Extracted data =>
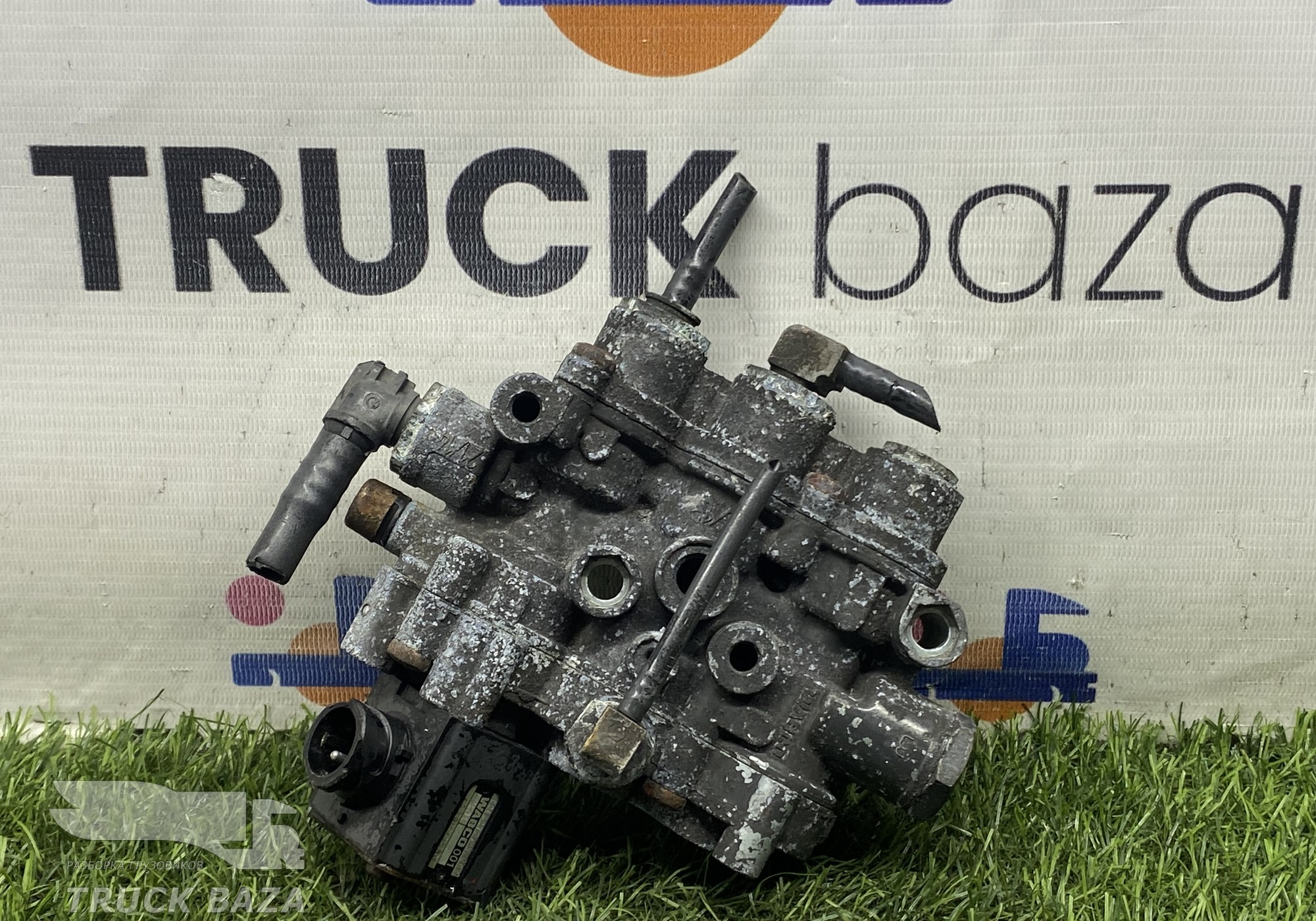 A0003276625 Кран уровня пола главный для Mercedes-Benz Actros MP1 (с 1996 по 2003)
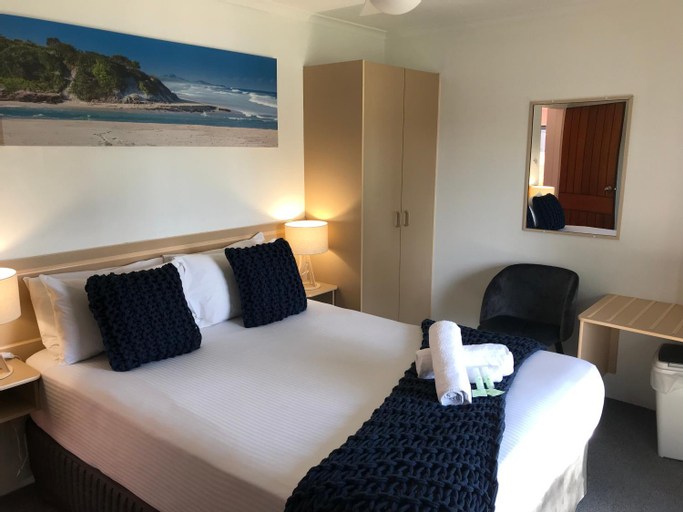Bedroom 5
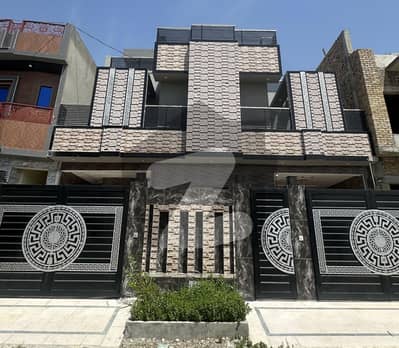 10 Marla beautiful house available for sell in regi model town Peshawar,Zone 3 Sector C2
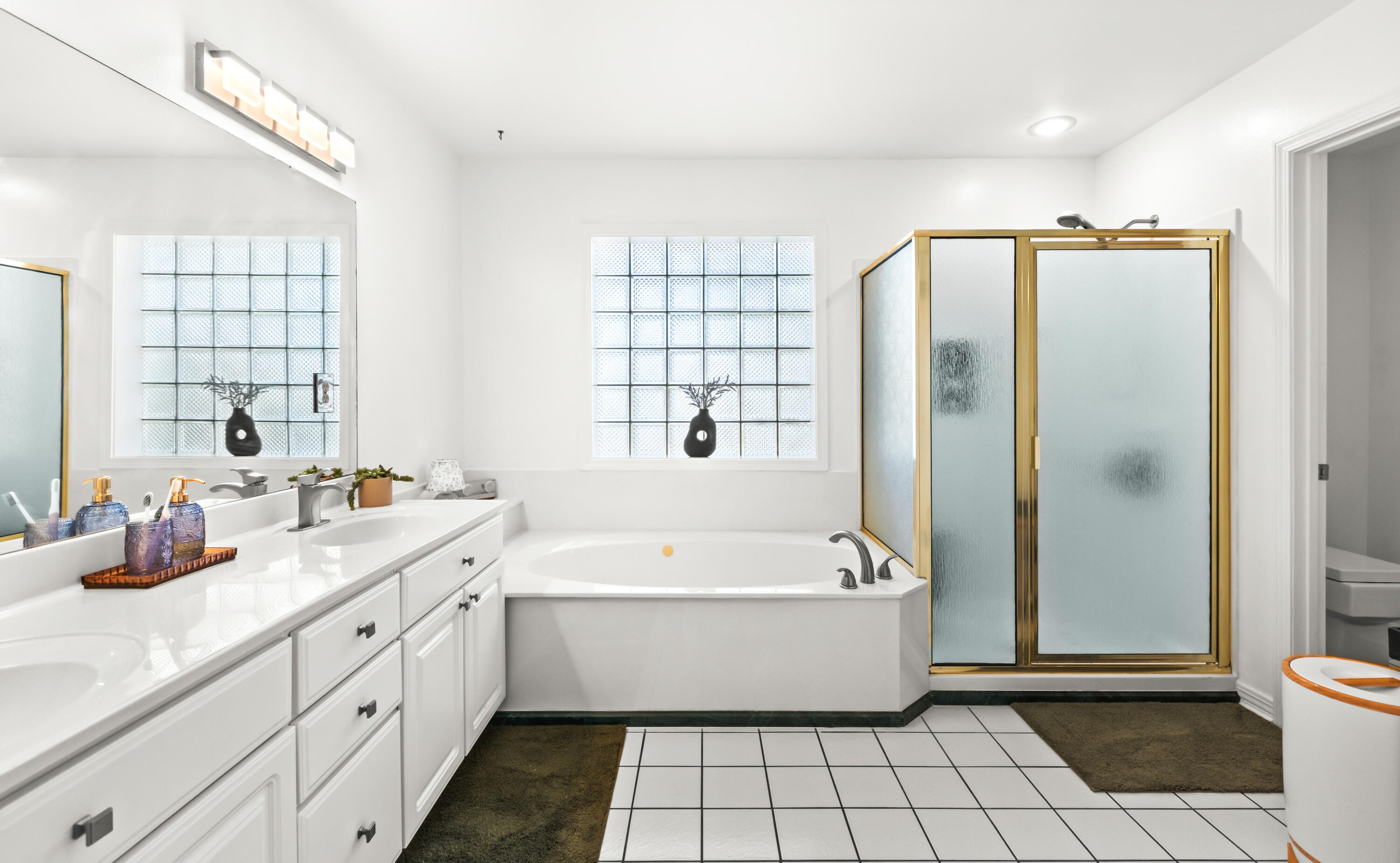 INDIAN WOODS - Residential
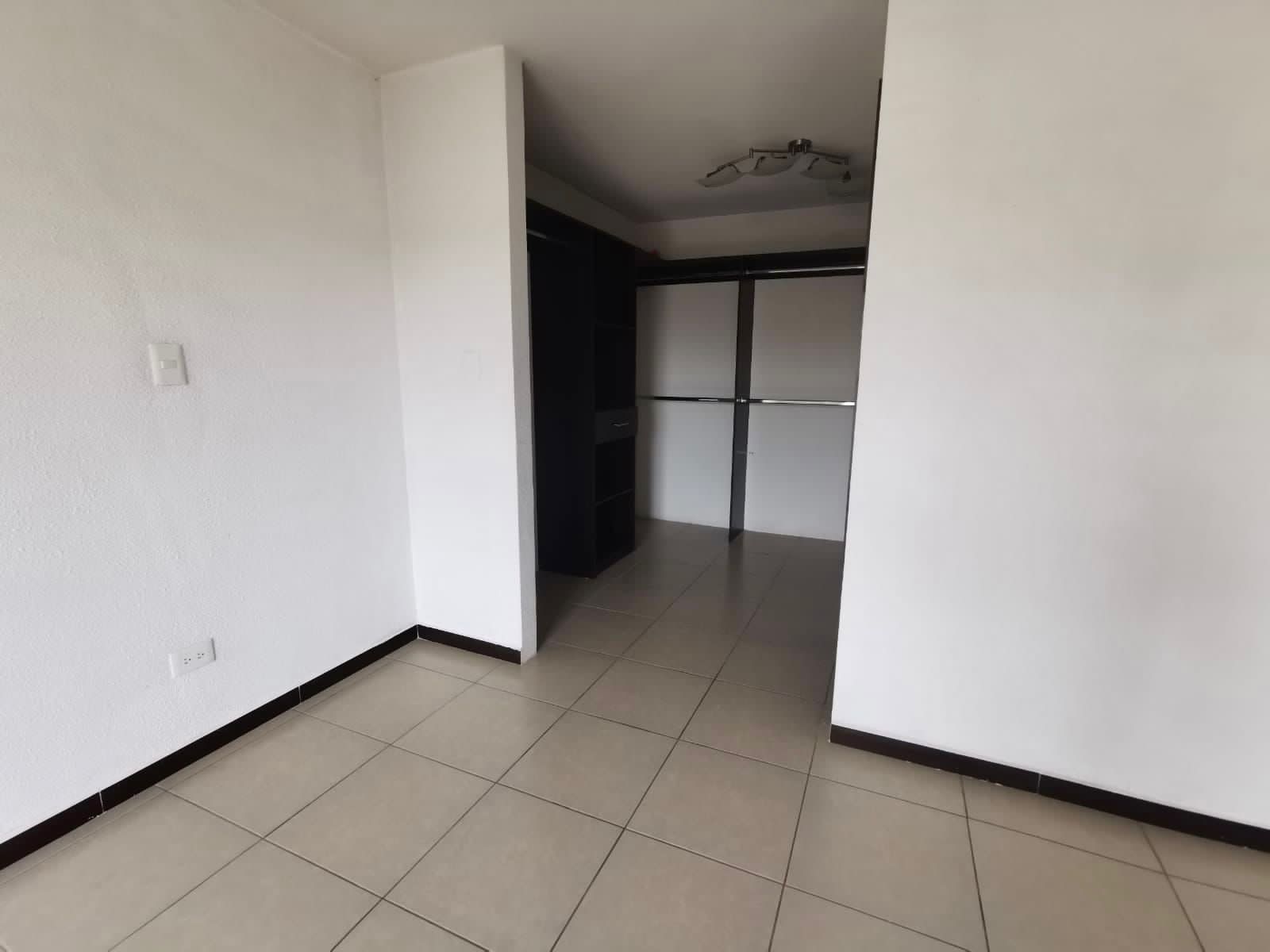 Venta de Casa o Casas, Terrenos, Propiedades, Apartamentos, Inmuebles en Guatemala, zona 11, zona 7, zona 2, zona 18, zona 16, Mixco, Carretera Al Salvador, Fraijanes, Santa Catarina Pinula, Antigua Guatemala, Villa Nueva, Villa Canales, San Miguel Petapa - Venta o Alquiler de Casas En Guatemala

Task item => Begin at the line containing "10 Marla beautiful" and stop at the final line of the data. Retype those lines exactly, without the pictures.

Response for this exercise =>
 10 Marla beautiful house available for sell in regi model town Peshawar,Zone 3 Sector C2
 INDIAN WOODS - Residential
 Venta de Casa o Casas, Terrenos, Propiedades, Apartamentos, Inmuebles en Guatemala, zona 11, zona 7, zona 2, zona 18, zona 16, Mixco, Carretera Al Salvador, Fraijanes, Santa Catarina Pinula, Antigua Guatemala, Villa Nueva, Villa Canales, San Miguel Petapa - Venta o Alquiler de Casas En Guatemala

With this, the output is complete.